Land Subsidence Research | Kathmandu Valley | Earthquake Vulnerability & Multi-Hazard Risk
A recent study confirms what geologists have long feared: large areas of the valley are subsiding at alarming rates of up to 21 centimetres annually, driven by unregulated groundwater extraction and relentless urban sprawl.
The study conducted by Sagar Rawal and Guoquan Wang of the University of Houston, used seven years of satellite data from 2017 to 2024 to measure ground deformation across the valley.
“Rapid [urbanisation] in Kathmandu Valley has strained its aquifer system, causing significant land subsidence,” the researchers wrote. “These findings underscore the urgent need for sustainable groundwater management and land-use planning.”

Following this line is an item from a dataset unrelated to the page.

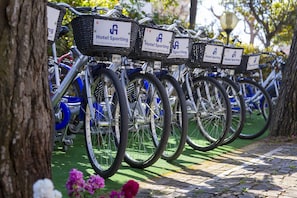 Fahrrad fahren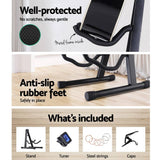 darrahopens Audio & Video > Musical Instrument & Accessories ALPHA Folding Acoustic Guitar Stand Bass Floor Rack Holder Accessories Pack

Where the city is sinking fastest
High-resolution radar images from the Sentinel-1 mission identified several subsidence hotspots. The worst-affected zones include Baluwatar, Samakhusi, Lazimpat, Dhumbarahi, and Lainchaur in the northwest; Gwarko, Patan, and Koteshwor in the south; and Madhyapur Thimi, Gathhaghar, and Kaushaltar in the northeast.
On average, Baluwatar–Lazimpat–Lainchaur sinks about 10.7 cm annually, with some spots dropping up to 21 cm per year. Over seven and a half years, certain areas have dropped more than 1.5 metres. Even peripheral zones like Imadol and Bode–Duwakot are subsiding as concrete replaces farmland and open recharge fields.
Draining the valley’s lifeline
At the core of the problem is Kathmandu’s heavy reliance on groundwater. The valley’s aquifer system, once a natural reservoir of ancient lake sediments, has been overdrawn for decades.
Extraction increased from 2.3 million litres per day (MLD) in 1979 to 58.8 MLD in 2021, according to Kathmandu Upatyaka Khanepani Limited (KUKL). While the Melamchi Water Supply Project helped reduce the rate to 26 MLD in 2024, the damage has been cumulative.
The most affected areas sit atop thick layers of soft clay, silt, and sand. These materials compact when water is withdrawn. “These impermeable clay layers prevent rainwater from percolating down to recharge deep aquifers,” the study notes. “As the water table falls, the clay compresses, causing the ground above to sink.”
Cracks, sinkholes, and slow collapses
Subsidence is now visible. Residents report cracks in homes and roads, tilting walls, and sinkholes, especially in areas with deep tube wells. Photographs in the study document small landslides, fissures, and surface ruptures in neighbourhoods like Gwarko and Baluwatar.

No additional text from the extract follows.